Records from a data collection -

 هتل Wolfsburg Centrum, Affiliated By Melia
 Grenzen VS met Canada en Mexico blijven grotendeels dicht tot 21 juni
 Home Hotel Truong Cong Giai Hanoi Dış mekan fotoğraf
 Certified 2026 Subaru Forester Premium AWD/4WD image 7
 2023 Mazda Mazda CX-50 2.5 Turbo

Instructions for the task -
Output the line containing "Home Hotel Truong" and every line after it through the final line of the records above, exactly as written and nothing else.

Result of this task -
 Home Hotel Truong Cong Giai Hanoi Dış mekan fotoğraf
 Certified 2026 Subaru Forester Premium AWD/4WD image 7
 2023 Mazda Mazda CX-50 2.5 Turbo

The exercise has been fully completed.